Weight-inclusive approaches emphasize
healing your relationship with food and body and reclaiming trust in a body that has been appropriated by diet and rape culture. This is a reason our approach moves away from weight loss language. Delineation is a must. The emphasis on healing relationship with food and body needs to be louder than the idea that losing a few pounds is an example of liberation.
The weight loss industry is what has made controlling the size of our bodies feel like a consistent and viable choice. This is an invented concept. These industries have created plans that do not work in the long term, and have made that your fault. Let’s take this a step further to assert that weight loss itself is not consistently and regularly accessible to those who “play their cards” right. Weight loss is an occasionally sustainable side effect of healing relationship with food and body for some people. Everything you have been told
about what you should weigh is not scientific, true or accurate. The idea that weight loss is a choice is firmly imbedded in a dieting culture.

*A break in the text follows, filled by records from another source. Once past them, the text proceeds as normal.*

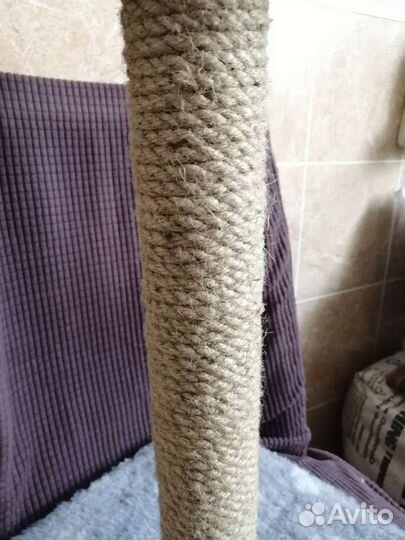 Когтеточка с подставкой и игрушка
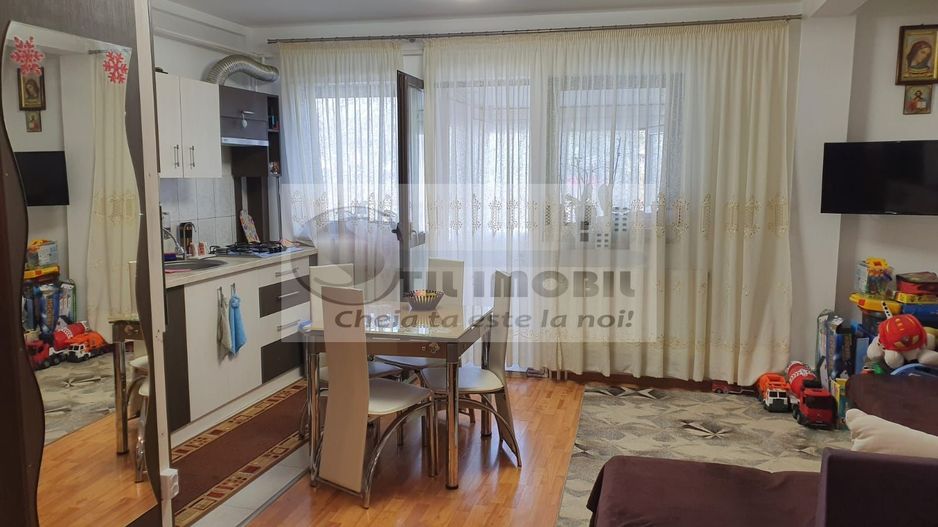 Vând apartament 3 camere – Tătărași (Aviației), Iași – 72,93 m - Poză 1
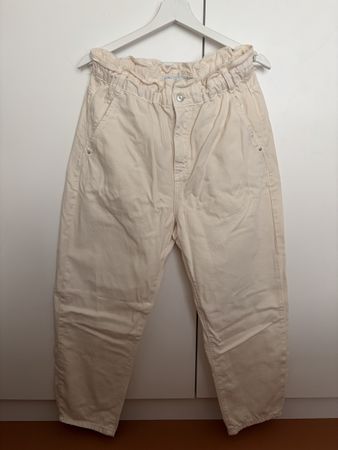 Cremefarbene Mom Jeanshose von Zara, Grösse 40
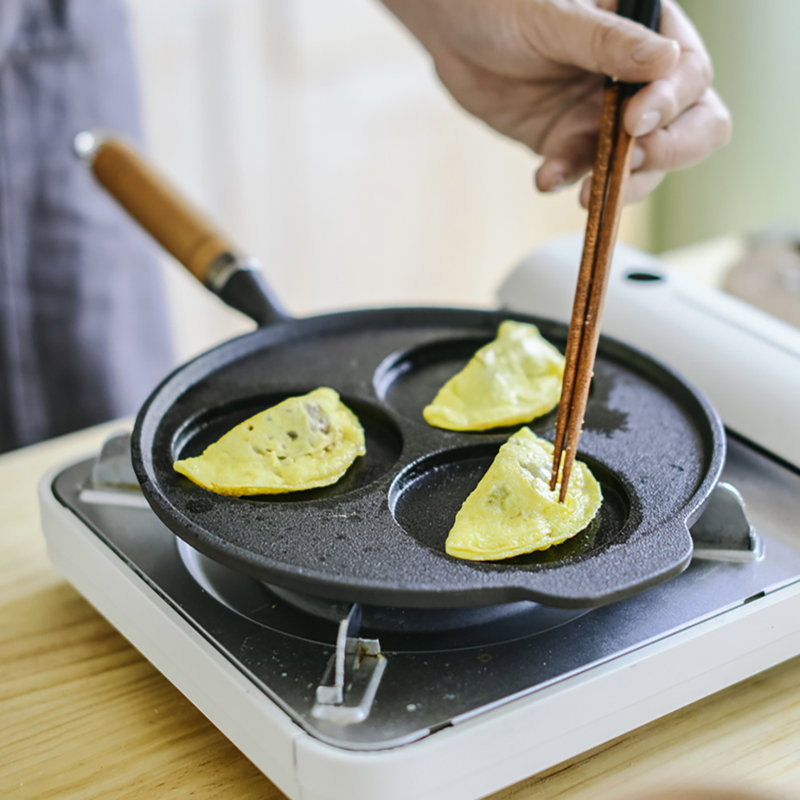 3-Hole Cast Iron Frying Pan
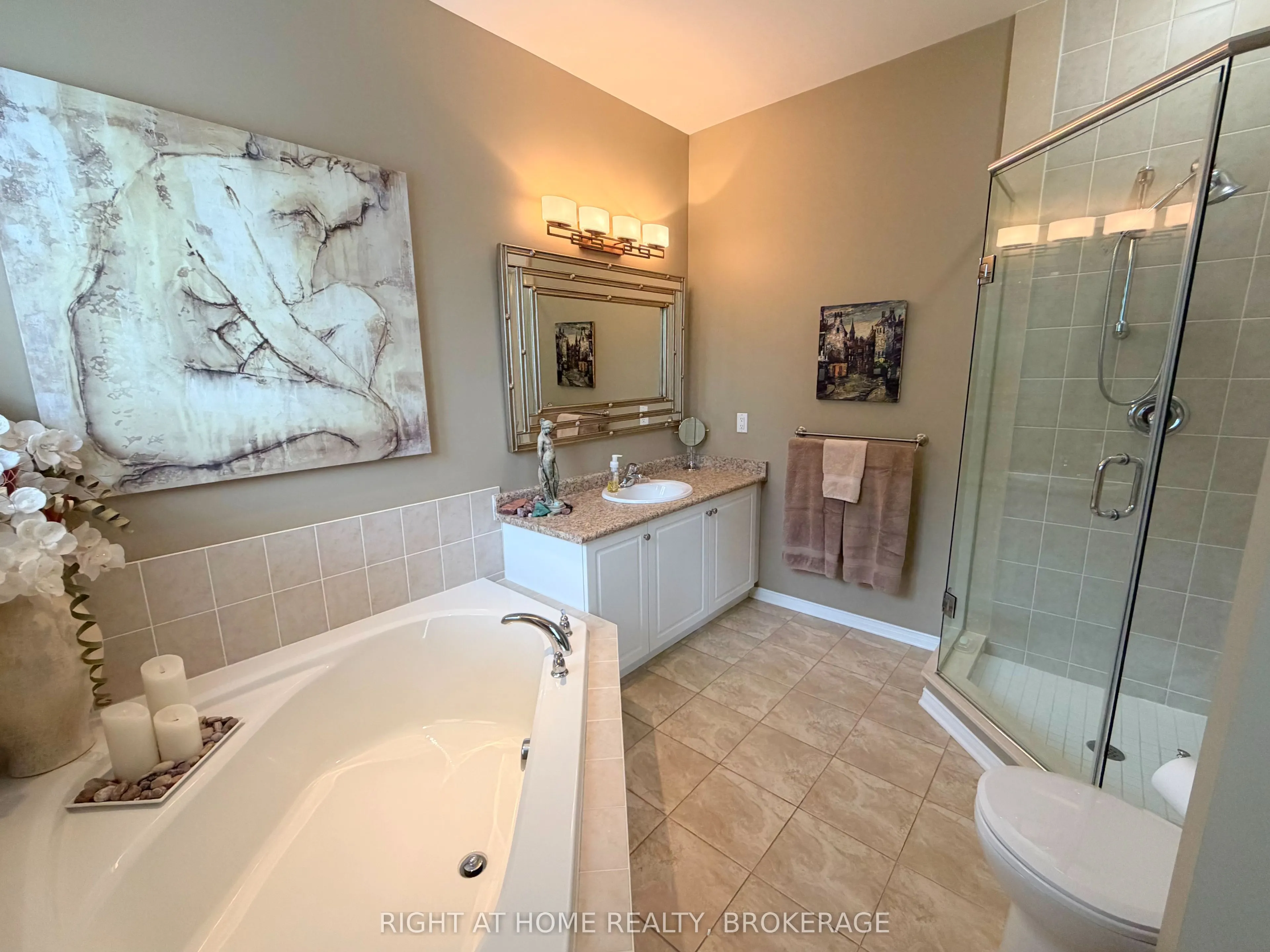 40 STORNOWAY Crescent N #40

And, you still might feel bad because you really want to lose some weight? Why wouldn’t you given the culture we live in? Everything we’ve been taught about weight is inaccurate. Everything we’ve been taught about how much control we have over our size is also likely wrong. The dissonance this creates can certainly put us in touch with a feeling of shame. However, scapegoating Body Positivity, HAES and/or Fat Liberation discourse is not emotionally honest. Instead, name the shit storm of feelings that accompanies acknowledging that you have been duped by weight loss culture. Be frustrated by the way weight loss hope cyclically returns to your life and lets you down. Bang down the doors of all the “integrative weight loss approaches” and let them know they aren’t so different. Tell everyone to stop
colluding with the part of your mind that believes that parts of you are unacceptable.
You do not have to agree on everything in the body liberation movement to be a part of it but if you are part of this movement, you must include all bodies. In order to include all bodies we must use language to question and denounce the levity we bring to weight loss conversations. Understand that living in a fat body in our society is significantly and consistently challenging and frequently harmful. When weight loss is casually laid on the table, weight bias continues and eating disorders persist. If your feminism is to be intersectional then know that our weight discussions have roots in racism, ableism, sizeism and a binary view of gender. If we tried to keep this light and easy it would only include white, cis-gendered, able-bodied women. We know this isn’t your fault or intention AND this isn’t light and easy no matter how you spin it. As with any other
social justice issue, your stance has impact. And the middle path will not change the world.
So, how do you go forward and have this much needed conversation about weight? Find someone who is willing to listen deeply and de-center their own expertise and personal experience when they are with you. Tell them the whole story. Ask that person to gently, lovingly, and skillfully challenge your comfort zone. Let your body story remain complex – not easily solved with a plan to make you smaller. Ambivalence and fear will likely be along for the ride when you speak your truth. Don’t let them act as stopsigns.